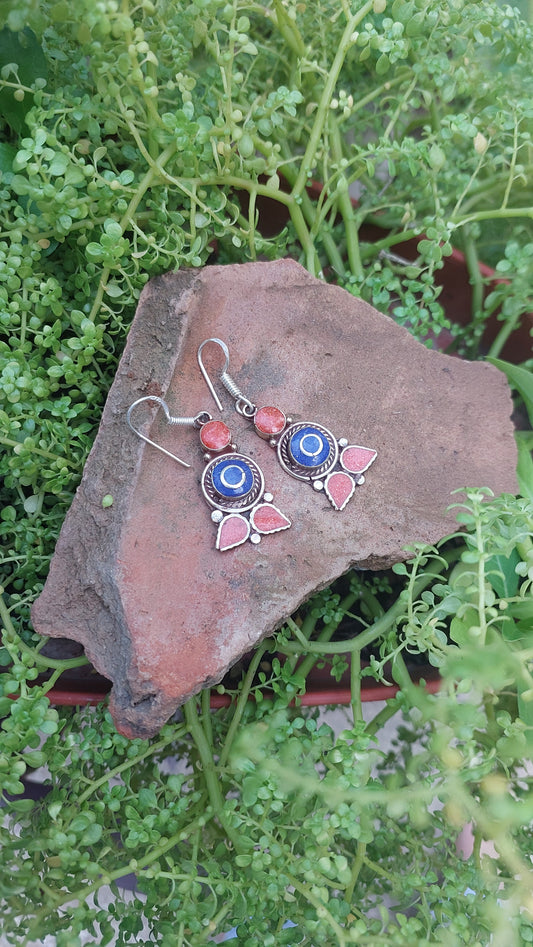 Kanku Earrings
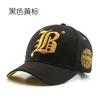 Ball Caps Baseball Cap Voor Heren Mode Gepersonaliseerde Letter Geborduurd Straatpaar Zonnebrandcrème Zonnehoed Dames Outdoor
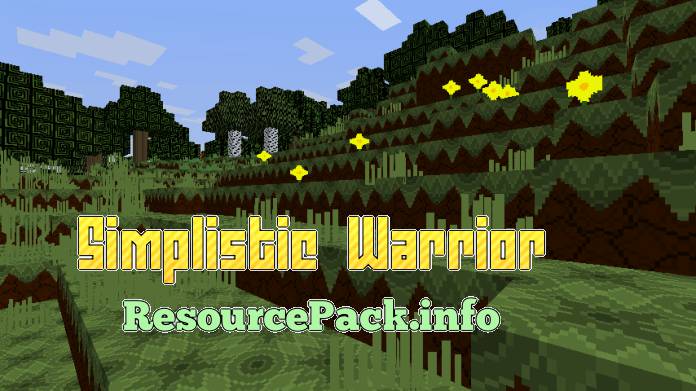 Simplistic Warrior 1.11.2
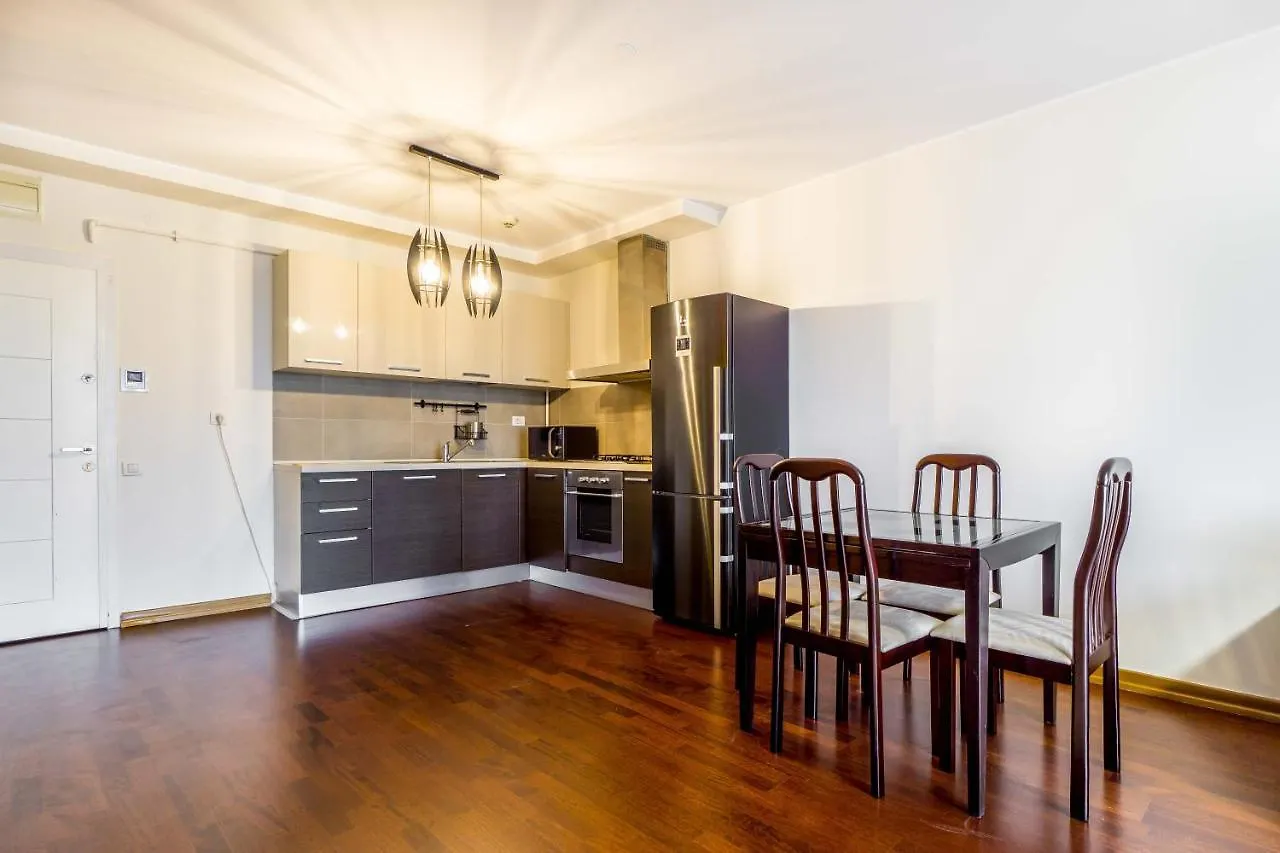Luxury Apartment Bucharest Mall Area Romania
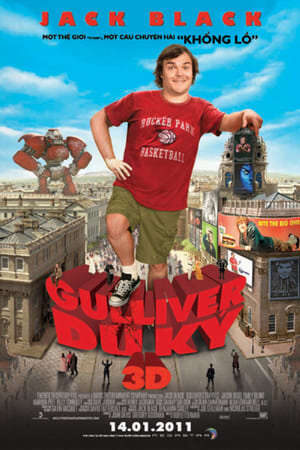 Xem phim Cuộc Phiêu Lưu Của Gulliver  - Gullivers Travels (2010)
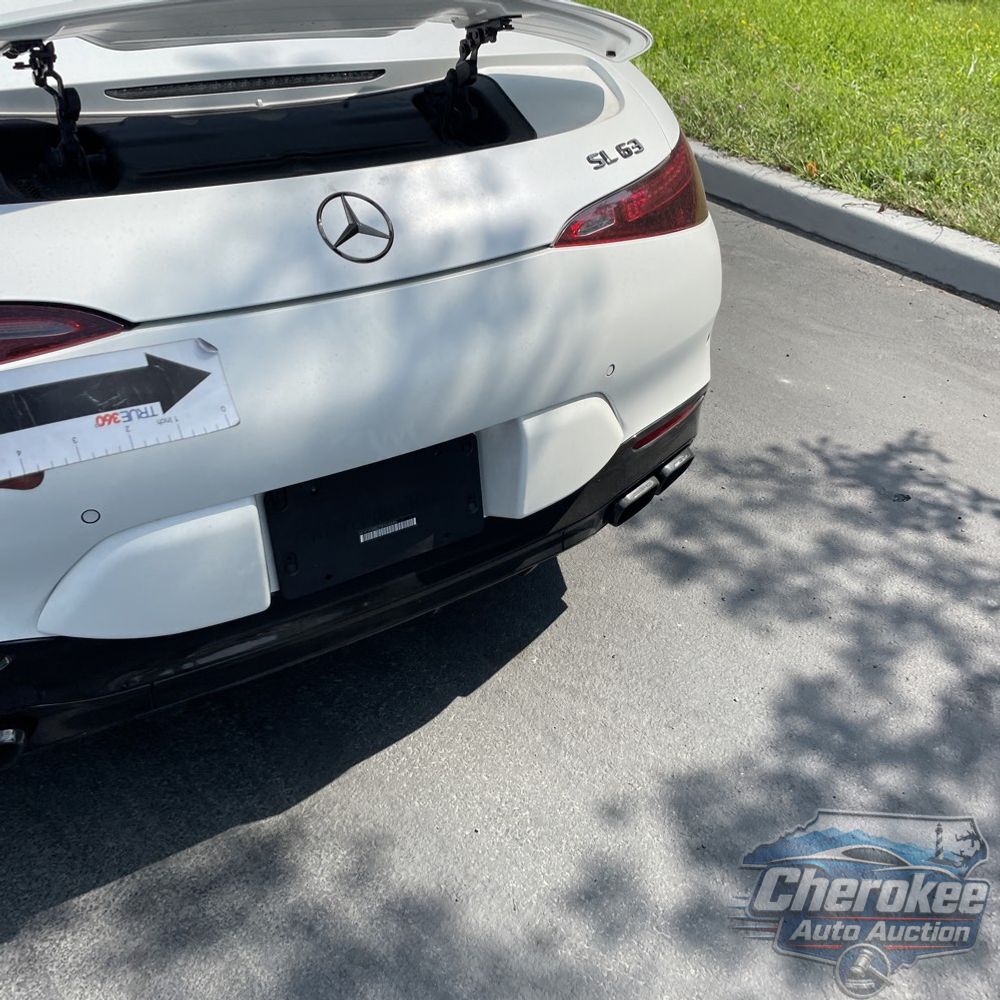 2022 Mercedes-Benz SL-Class AMG SL 63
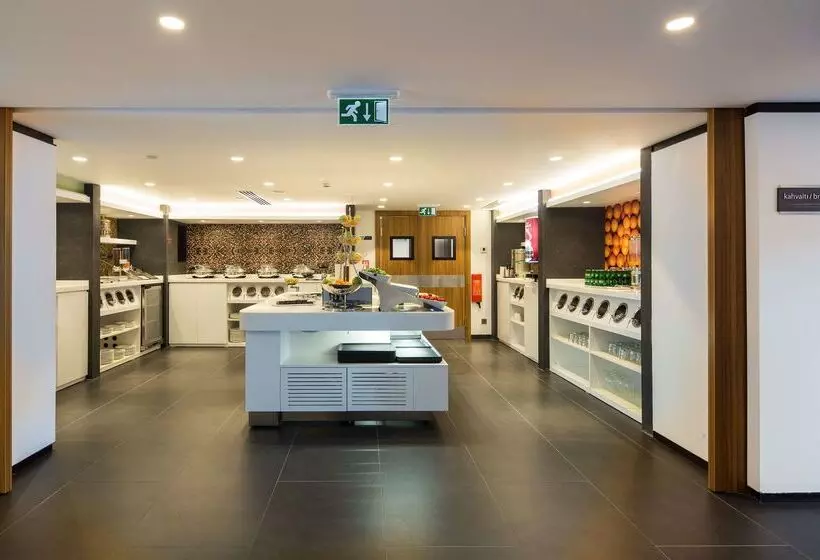Fotos del hotel Hampton By Hilton Istanbul Kurtkoy:  16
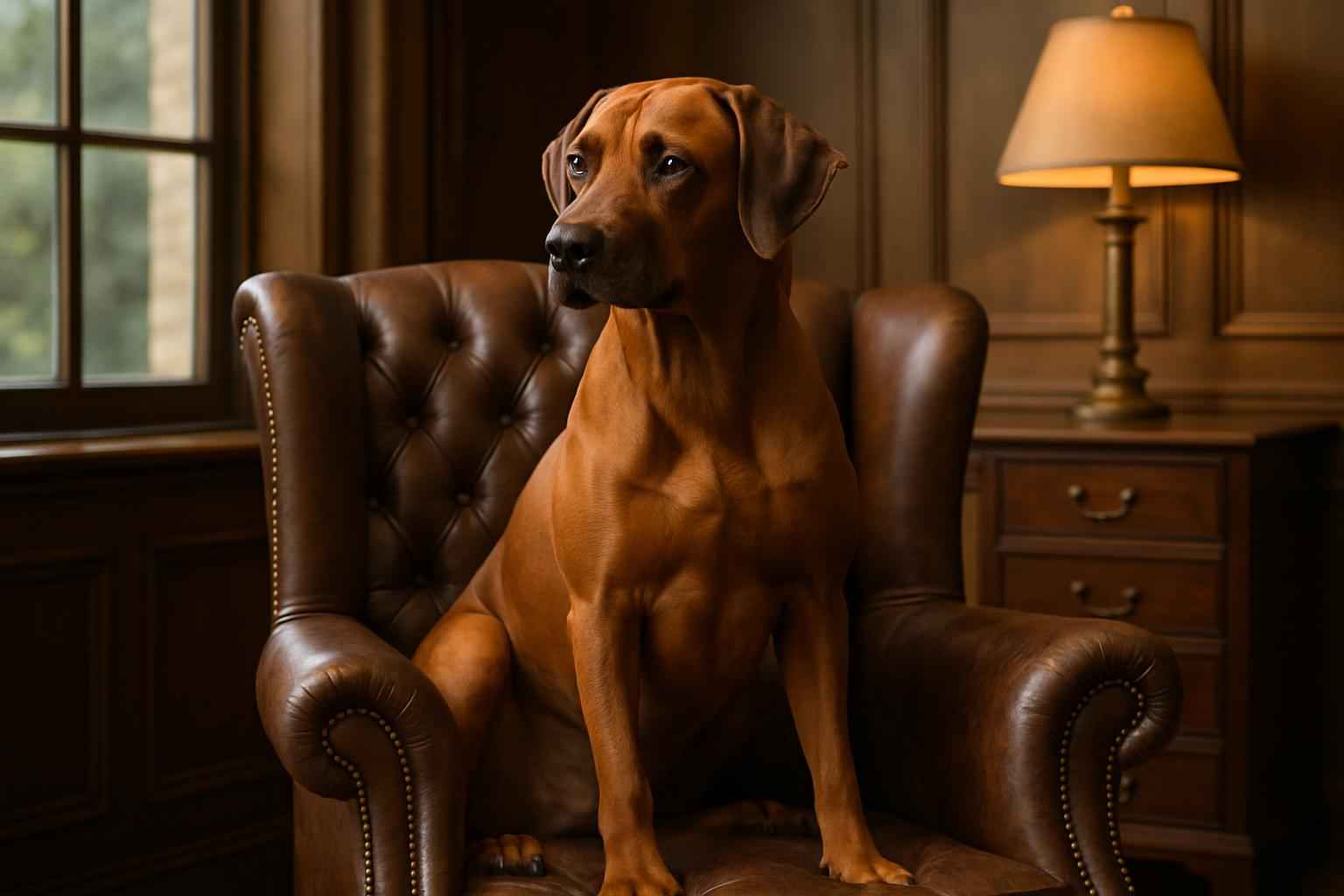 Rhodesian Ridgeback Stud Services in Paterson New Jersey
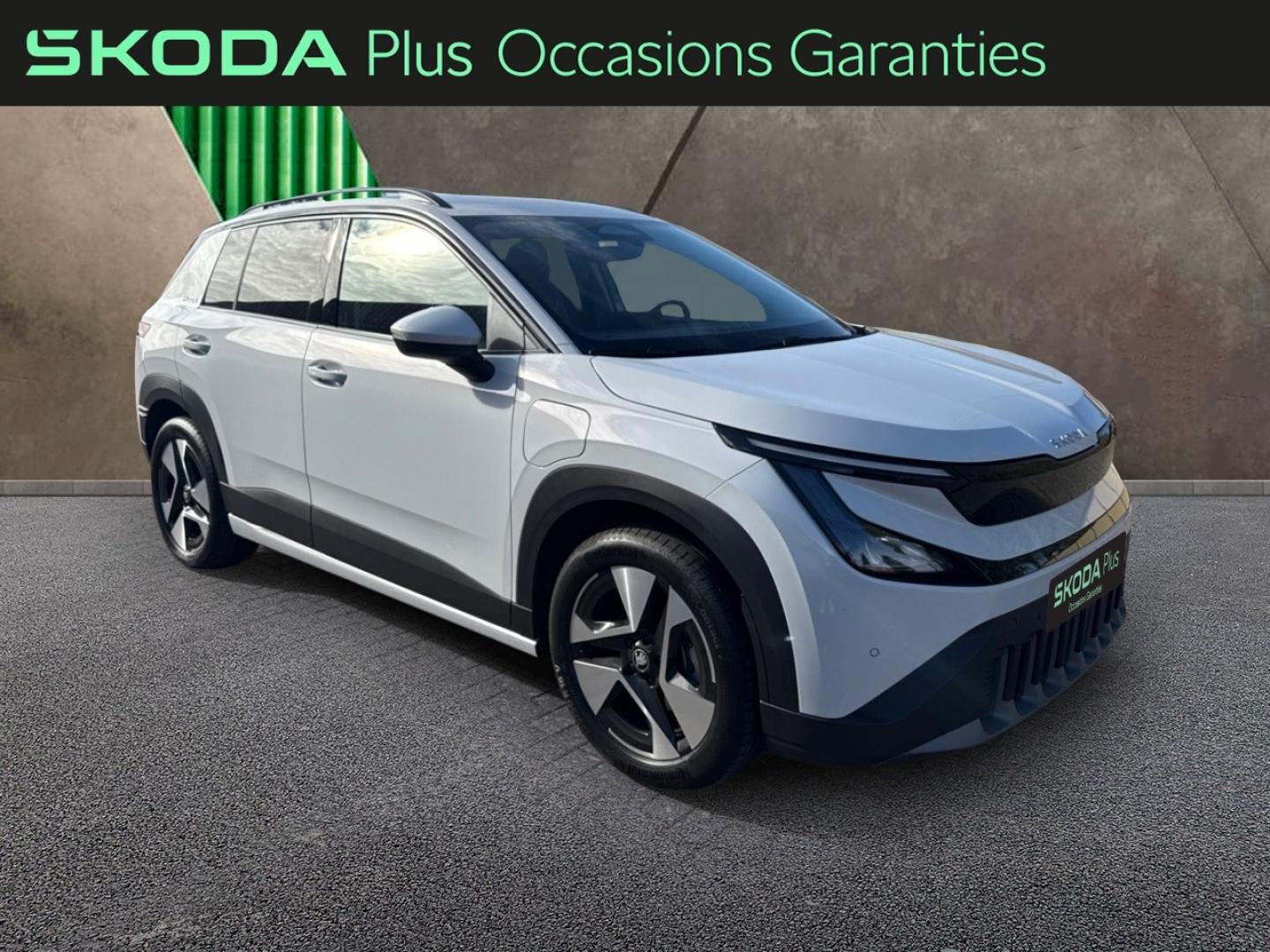 Voitures occasions ŠKODA EPIQ Clever Sarreguemines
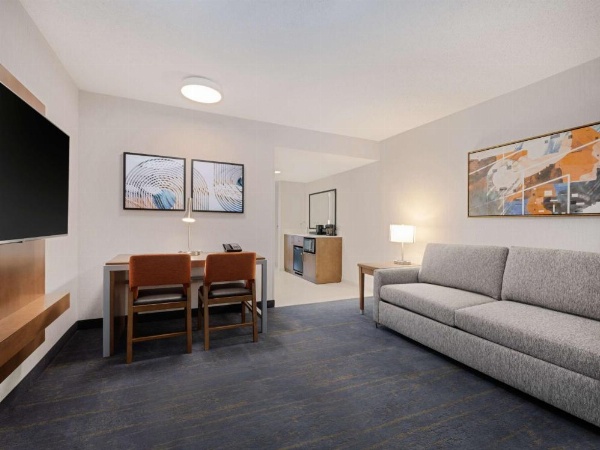 Embassy Suites Chicago - Centro de Chicago River North image 41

§ EXERCISE:
Your answer must be an exact copy of the records, with every picture left out.

§ ANSWER TO THIS PROBLEM:
 Kanku Earrings
 Ball Caps Baseball Cap Voor Heren Mode Gepersonaliseerde Letter Geborduurd Straatpaar Zonnebrandcrème Zonnehoed Dames Outdoor
 Simplistic Warrior 1.11.2
Luxury Apartment Bucharest Mall Area Romania
 Xem phim Cuộc Phiêu Lưu Của Gulliver  - Gullivers Travels (2010)
 2022 Mercedes-Benz SL-Class AMG SL 63
Fotos del hotel Hampton By Hilton Istanbul Kurtkoy:  16
 Rhodesian Ridgeback Stud Services in Paterson New Jersey
 Voitures occasions ŠKODA EPIQ Clever Sarreguemines
 Embassy Suites Chicago - Centro de Chicago River North image 41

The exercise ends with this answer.